▶ _TASK DETAILS_: Nothing but the lines from the one showing "With my database" through the final line of the data below belongs in the answer, duplicated exactly and without pictures.

▶ _Source records_:
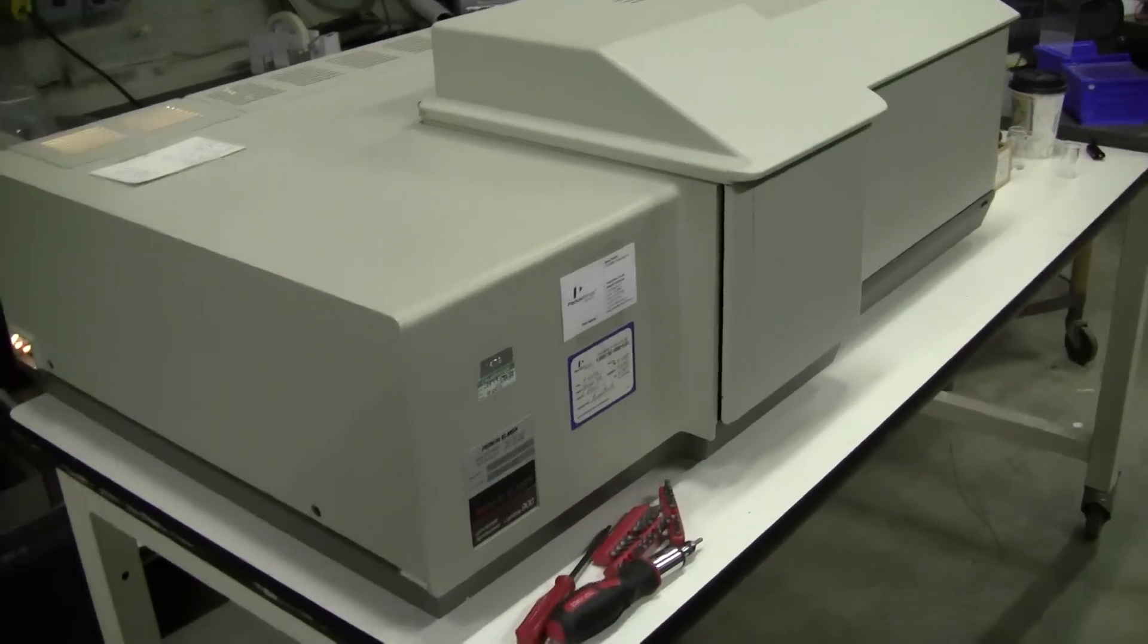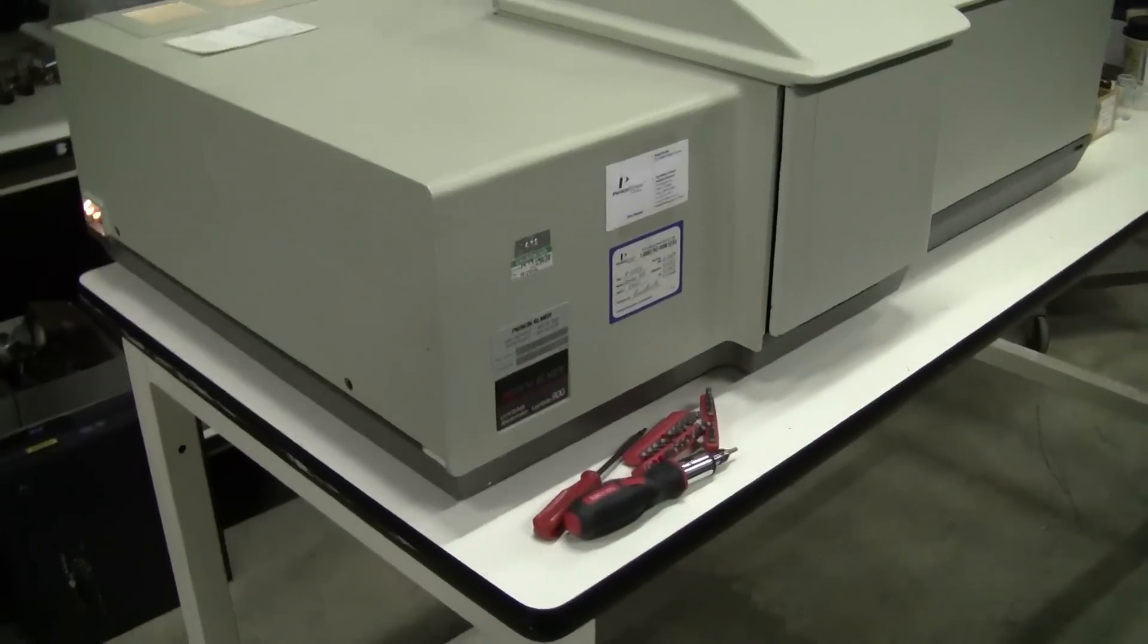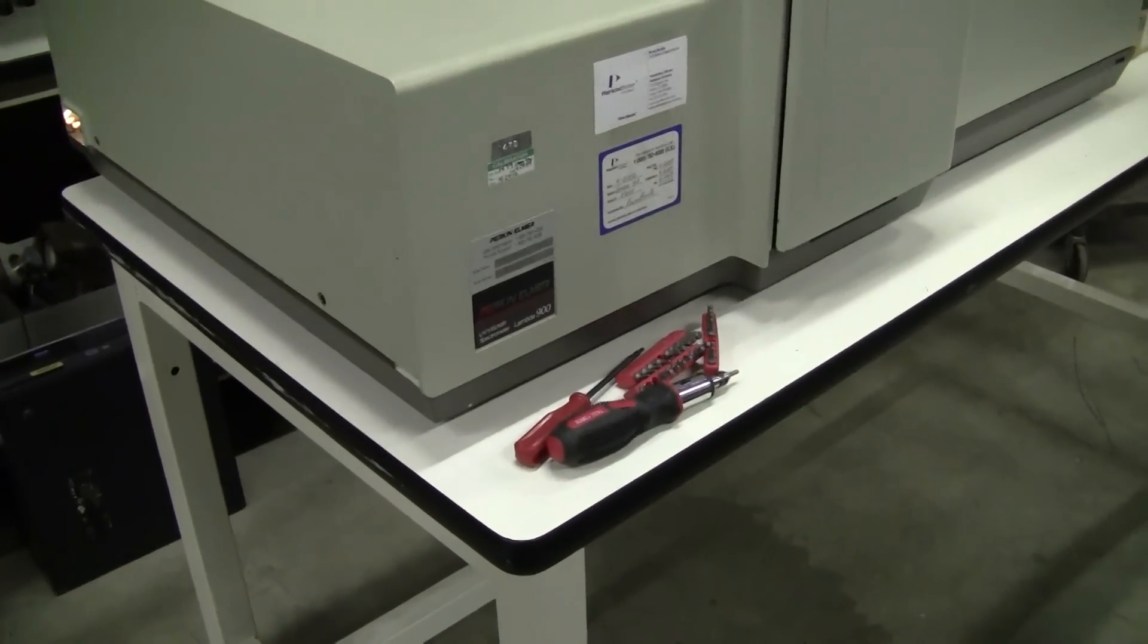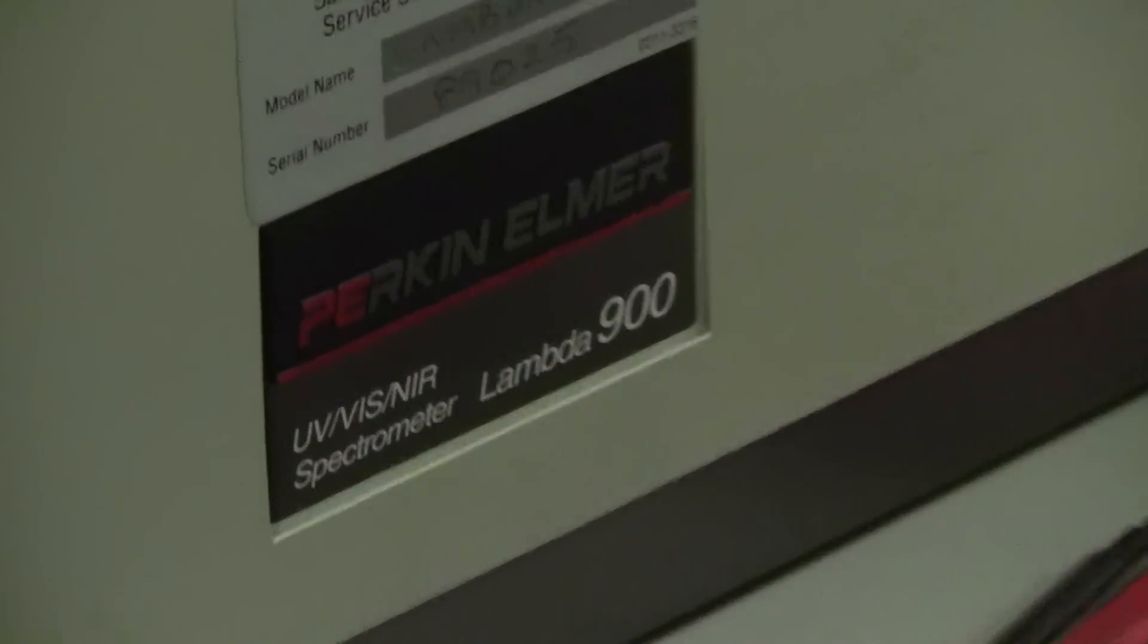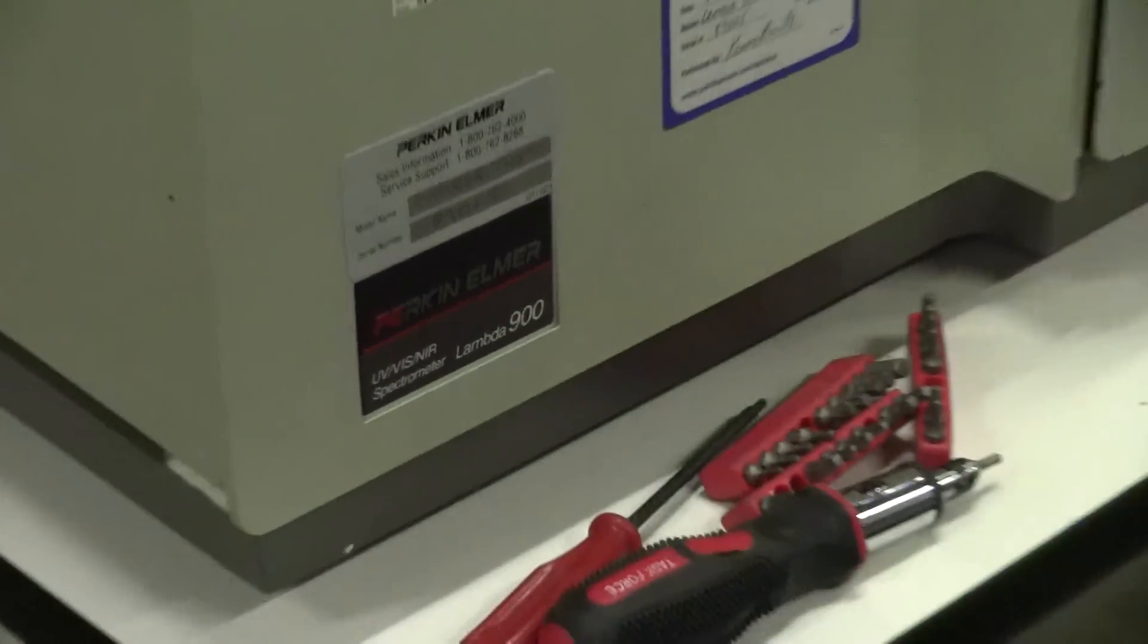Hello, this is Michael Nathau from Hitech Trader. Today we're looking at a Perkin Elmer Lambda 900 UV-Viz Near-IR spectrophotometer.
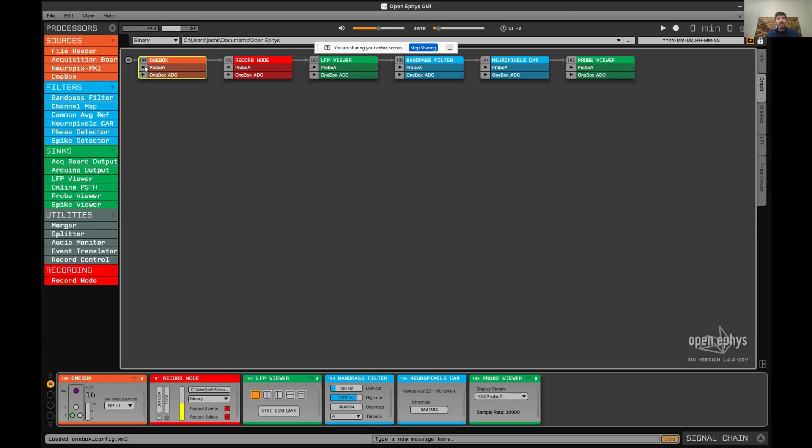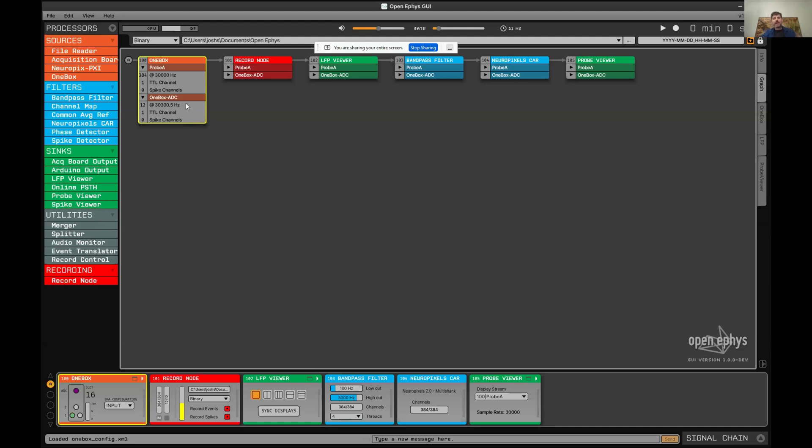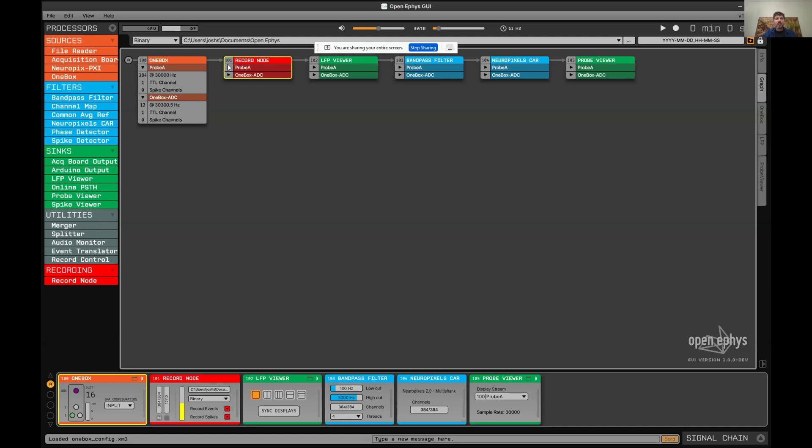For each plugin, you can see the data streams that are available. In OpenEFIS, a data stream is any group of channels that are sampled synchronously. For example, this OneBox has one probe connected to it with 384 channels at 30 kilohertz. All the samples in this stream are guaranteed to be synchronized, but they're not guaranteed to be synchronized with other streams that are recorded in parallel, for example, the ADCs on this OneBox of which there are 12. I'll talk about synchronization in a minute.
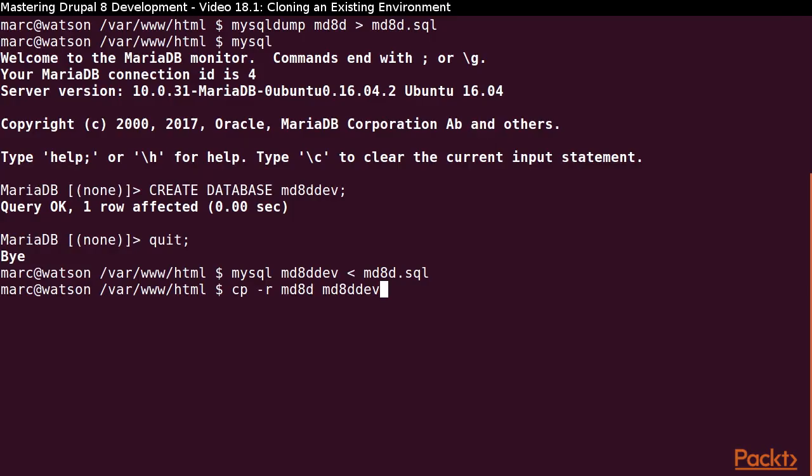With my database in place, I am ready to copy the codebase. As with the database copy and import, I am going to choose to use the command line to recreate my entire codebase in a new directory structure, which I will name MD8D Dev.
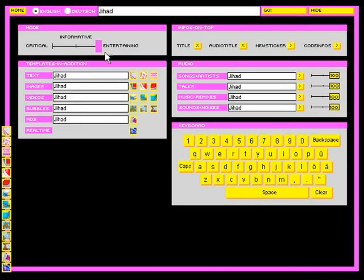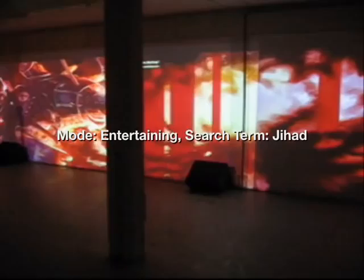Now let's modify the ongoing news 'jihad' into entertaining. The application is searching now for songs as well, and audiovisual templates become more colorful and entertaining.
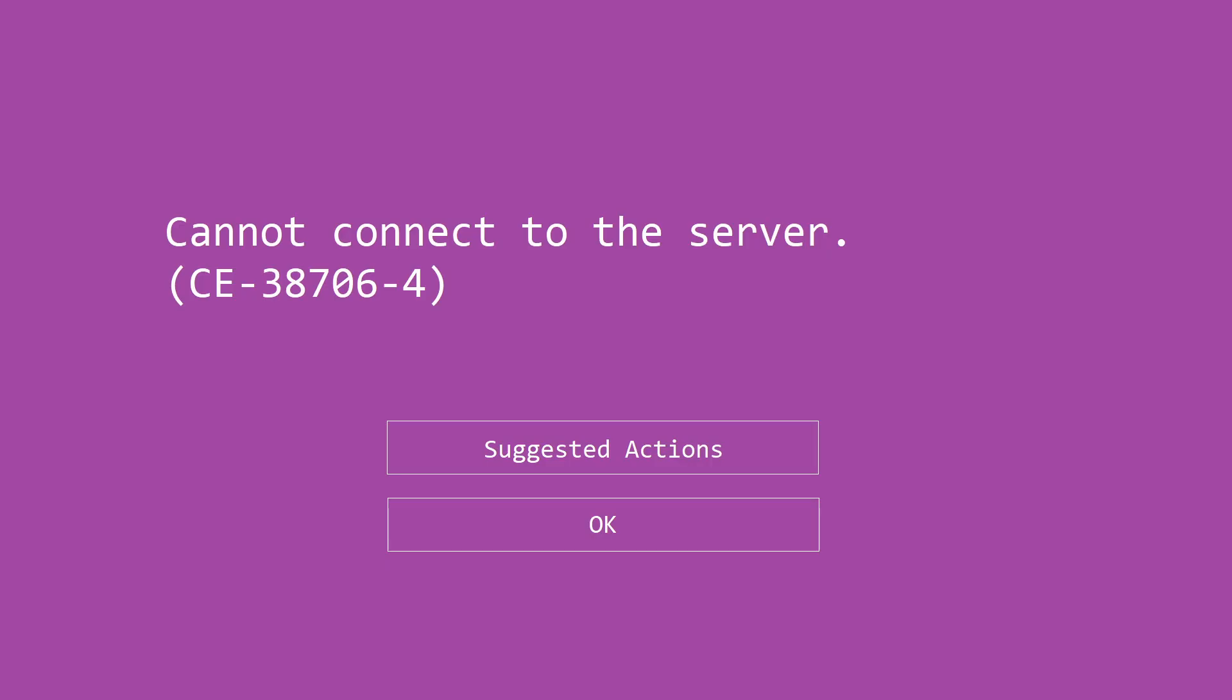Hello guys, welcome to my channel. Today, I will show you some methods to fix error code CE387064 on PlayStation 4.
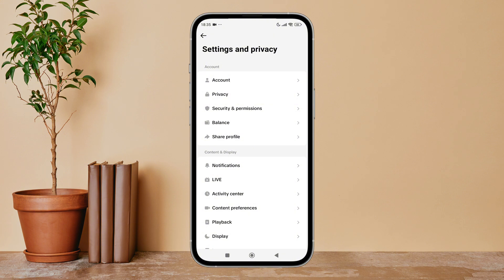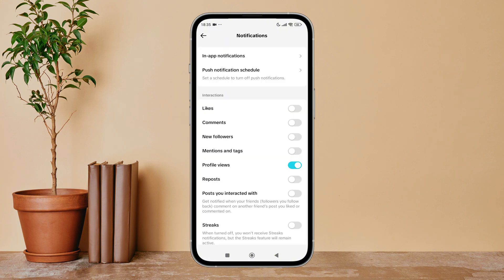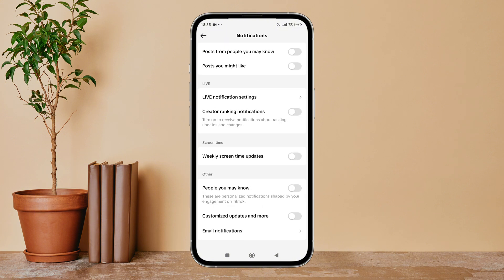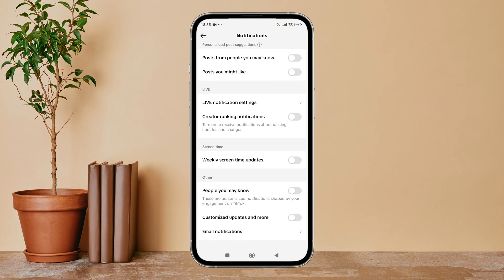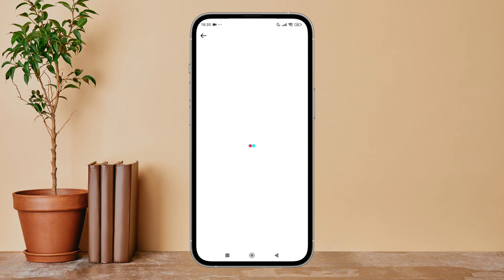Next, tap on Notifications. Then scroll until you find Email Notifications, and then tap on it.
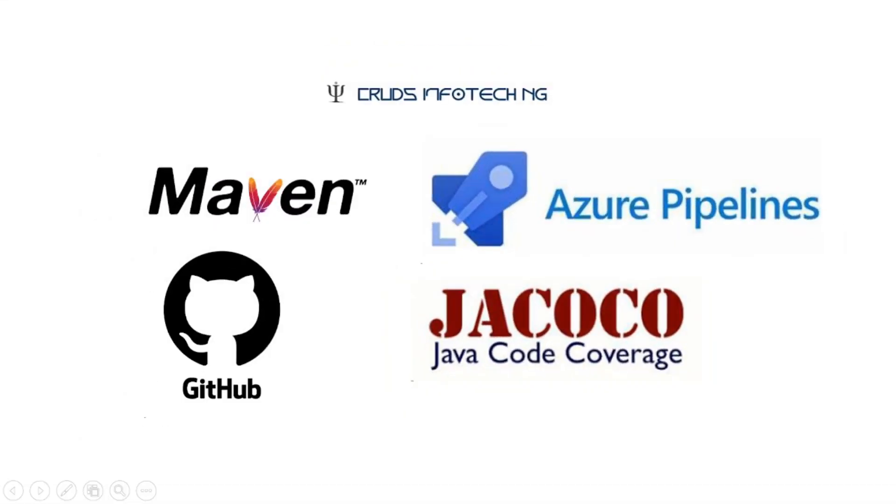Hello everyone, this is Chidanan from Kratz Infotech NG. Welcome to this tutorial on Azure pipelines.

▶ _ANSWER AREA_:
With my database in place, I am ready to copy the codebase. As with the database copy and import, I am going to choose to use the command line to recreate my entire codebase in a new directory structure, which I will name MD8D Dev.
Now let's modify the ongoing news 'jihad' into entertaining. The application is searching now for songs as well, and audiovisual templates become more colorful and entertaining.
Hello guys, welcome to my channel. Today, I will show you some methods to fix error code CE387064 on PlayStation 4.
Next, tap on Notifications. Then scroll until you find Email Notifications, and then tap on it.
Hello everyone, this is Chidanan from Kratz Infotech NG. Welcome to this tutorial on Azure pipelines.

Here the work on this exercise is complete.